--- Assignment ---
Within the entries below, output exactly the lines between the line containing "Alright, so we" and the line containing "In an effort", inclusive, and omit any picture.

(Data provided begins)

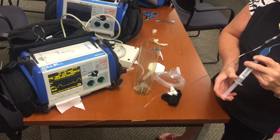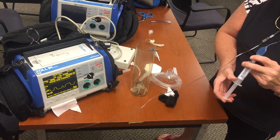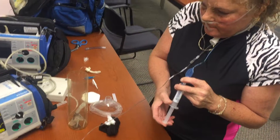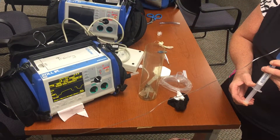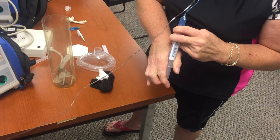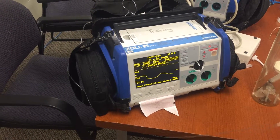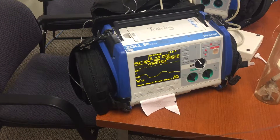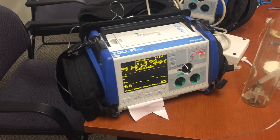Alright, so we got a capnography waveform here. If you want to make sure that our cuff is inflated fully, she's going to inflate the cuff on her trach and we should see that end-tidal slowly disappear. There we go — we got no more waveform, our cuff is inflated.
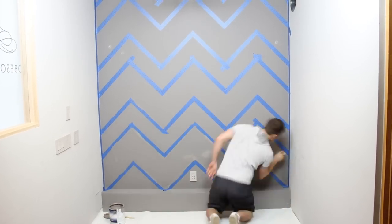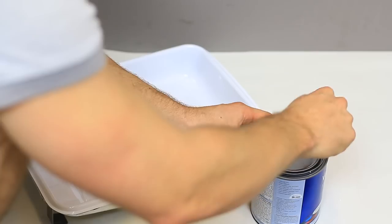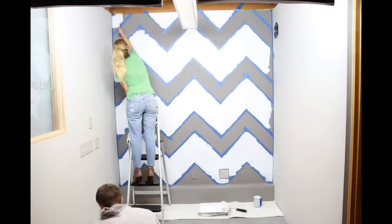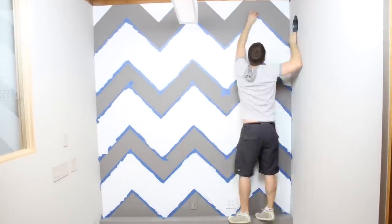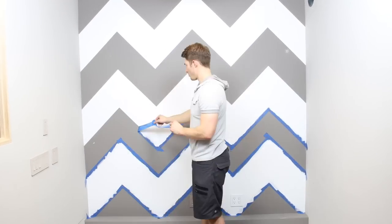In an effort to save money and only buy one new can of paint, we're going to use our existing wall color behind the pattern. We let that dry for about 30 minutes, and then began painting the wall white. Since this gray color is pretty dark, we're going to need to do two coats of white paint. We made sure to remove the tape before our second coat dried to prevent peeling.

(Data provided ends)
(Data provided begins)

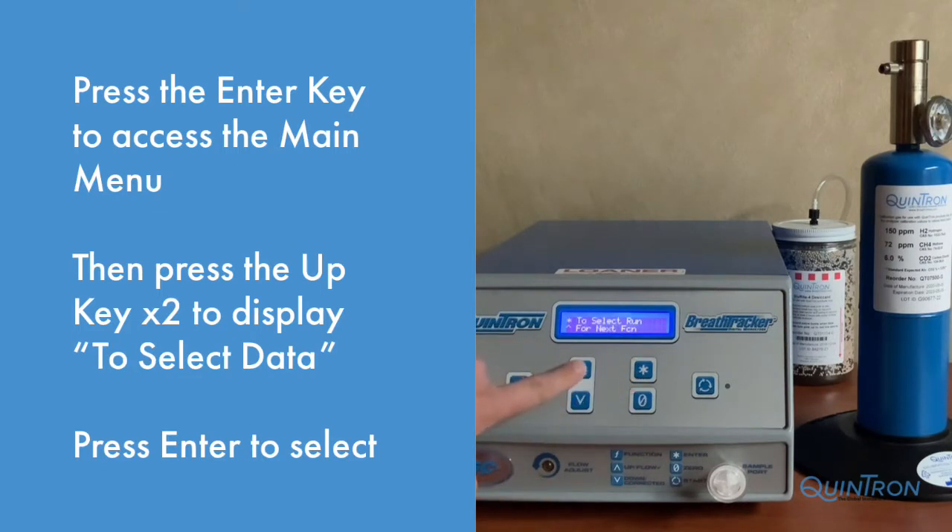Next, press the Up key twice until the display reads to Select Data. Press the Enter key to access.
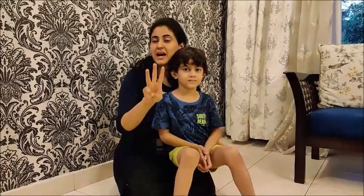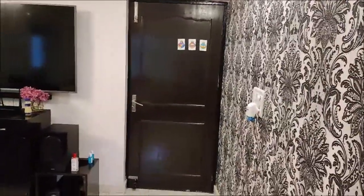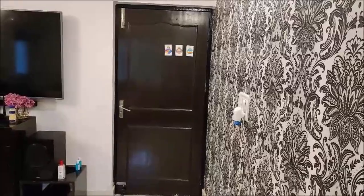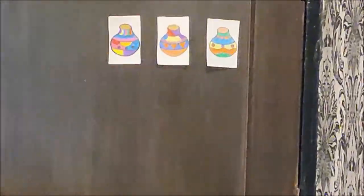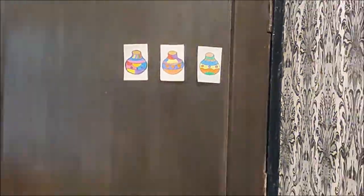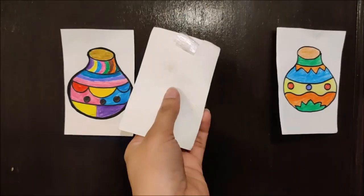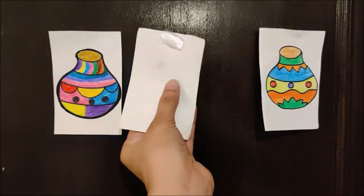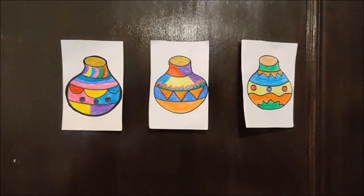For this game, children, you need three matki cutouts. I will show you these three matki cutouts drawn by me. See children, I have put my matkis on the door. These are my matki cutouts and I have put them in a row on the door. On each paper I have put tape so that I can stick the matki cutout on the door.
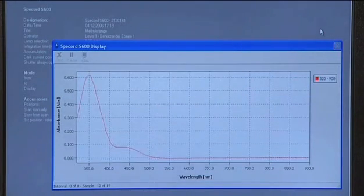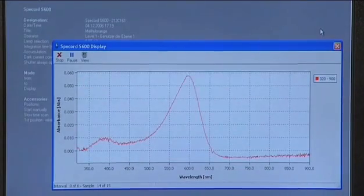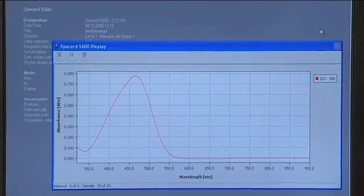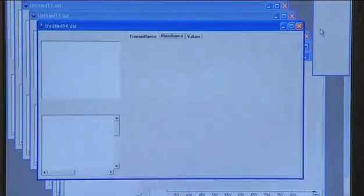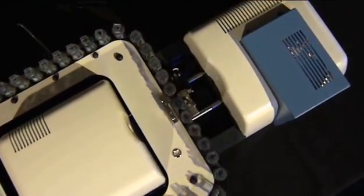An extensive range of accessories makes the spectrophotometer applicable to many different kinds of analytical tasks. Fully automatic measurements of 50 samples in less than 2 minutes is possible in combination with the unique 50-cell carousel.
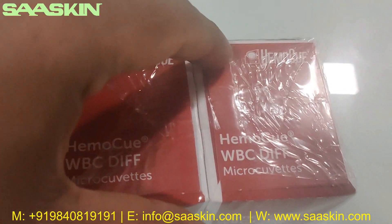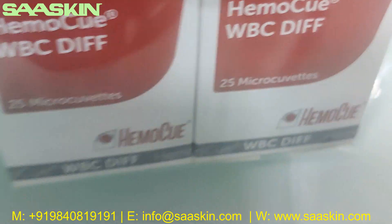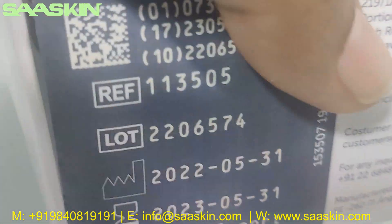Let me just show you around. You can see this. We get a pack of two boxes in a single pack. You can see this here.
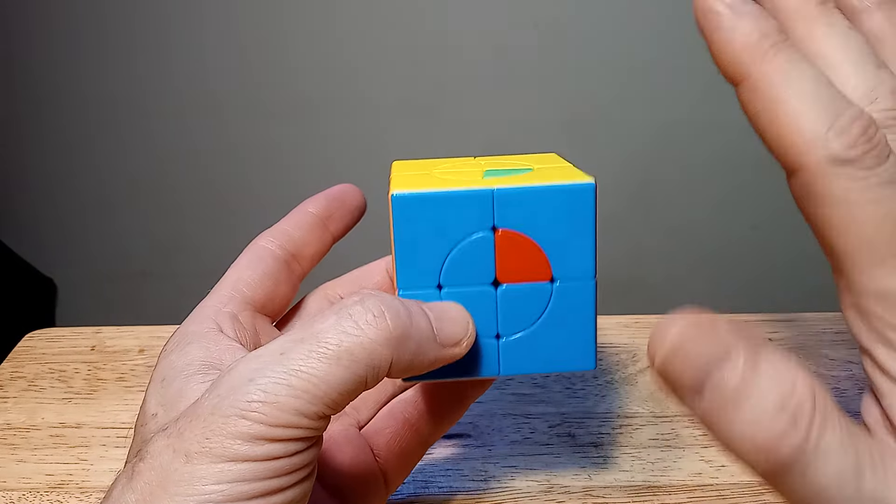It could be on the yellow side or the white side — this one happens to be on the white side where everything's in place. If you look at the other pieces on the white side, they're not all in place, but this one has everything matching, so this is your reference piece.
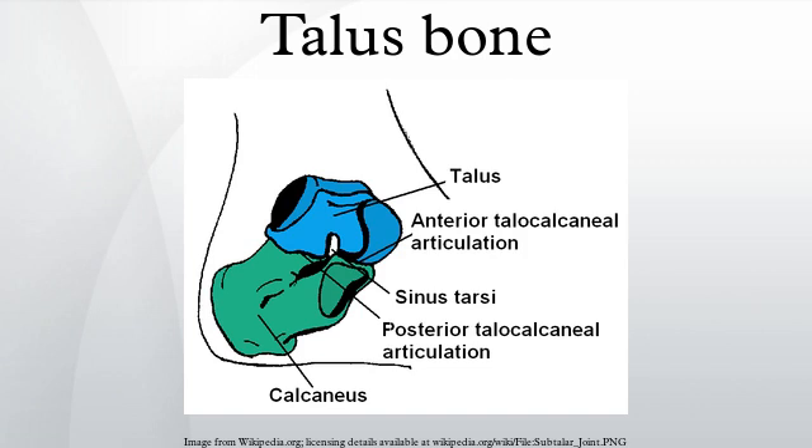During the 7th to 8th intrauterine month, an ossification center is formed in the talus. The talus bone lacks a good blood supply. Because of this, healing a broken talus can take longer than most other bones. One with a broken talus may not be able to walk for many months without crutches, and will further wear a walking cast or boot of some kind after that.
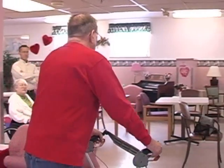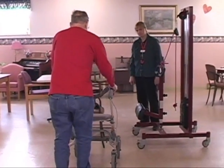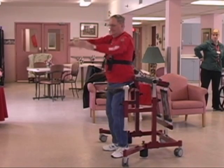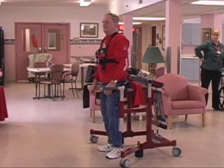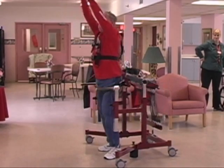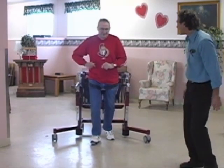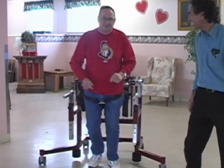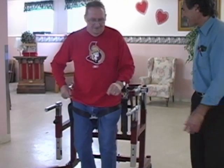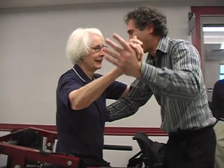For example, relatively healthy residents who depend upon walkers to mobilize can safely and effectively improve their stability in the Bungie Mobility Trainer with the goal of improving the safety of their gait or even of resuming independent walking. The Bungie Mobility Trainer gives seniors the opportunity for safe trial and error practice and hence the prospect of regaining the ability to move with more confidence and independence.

(Data provided ends)
(Data provided begins)

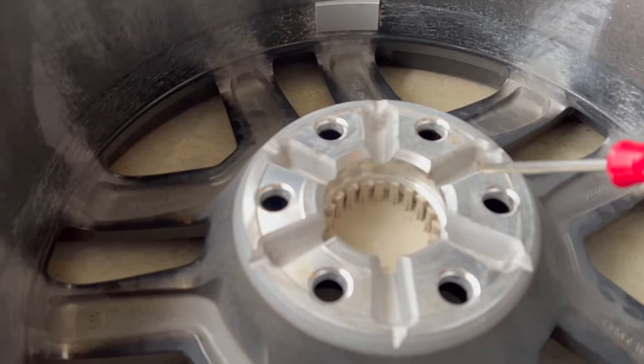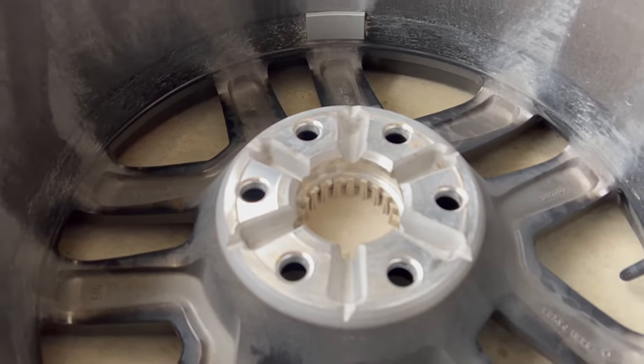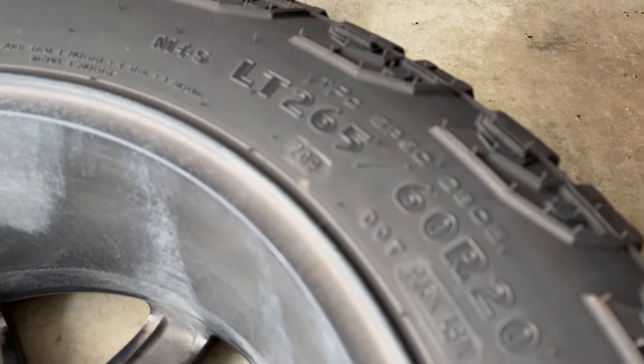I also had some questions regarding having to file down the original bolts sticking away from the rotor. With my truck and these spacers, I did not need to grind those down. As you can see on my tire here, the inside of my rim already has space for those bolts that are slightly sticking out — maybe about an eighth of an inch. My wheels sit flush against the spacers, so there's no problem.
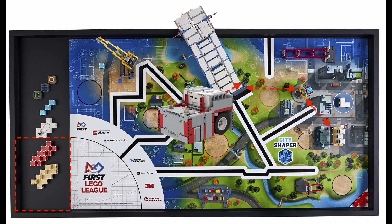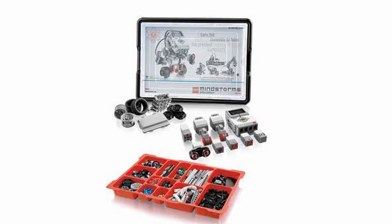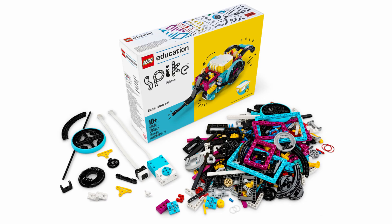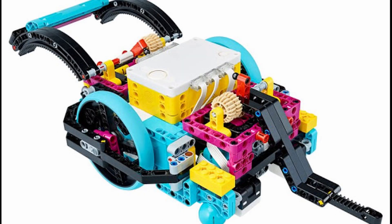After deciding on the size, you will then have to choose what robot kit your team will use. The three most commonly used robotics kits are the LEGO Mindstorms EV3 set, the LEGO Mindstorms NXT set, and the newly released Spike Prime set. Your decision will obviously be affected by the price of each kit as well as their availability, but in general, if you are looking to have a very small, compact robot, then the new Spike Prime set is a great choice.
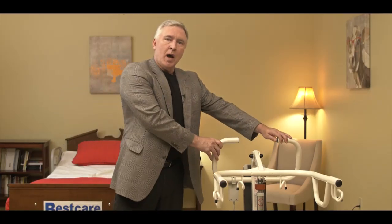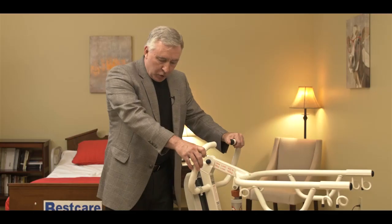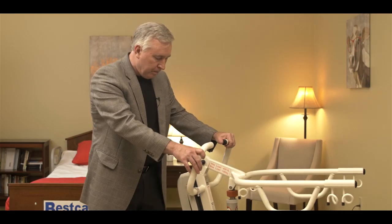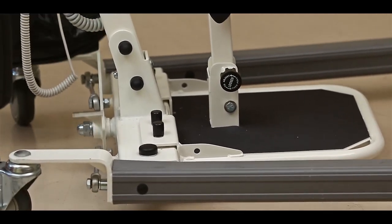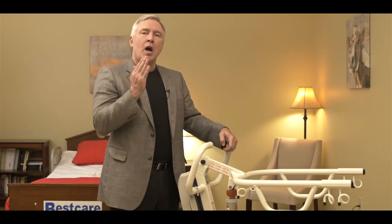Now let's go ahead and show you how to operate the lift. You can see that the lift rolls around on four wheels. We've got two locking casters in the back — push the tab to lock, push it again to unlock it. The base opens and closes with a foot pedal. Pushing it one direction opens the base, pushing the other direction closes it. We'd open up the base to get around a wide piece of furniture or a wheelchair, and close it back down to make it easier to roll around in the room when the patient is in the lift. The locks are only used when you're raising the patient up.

(Data provided ends)

--- Exercise output ---
Alright, so we got a capnography waveform here. If you want to make sure that our cuff is inflated fully, she's going to inflate the cuff on her trach and we should see that end-tidal slowly disappear. There we go — we got no more waveform, our cuff is inflated.
In an effort to save money and only buy one new can of paint, we're going to use our existing wall color behind the pattern. We let that dry for about 30 minutes, and then began painting the wall white. Since this gray color is pretty dark, we're going to need to do two coats of white paint. We made sure to remove the tape before our second coat dried to prevent peeling.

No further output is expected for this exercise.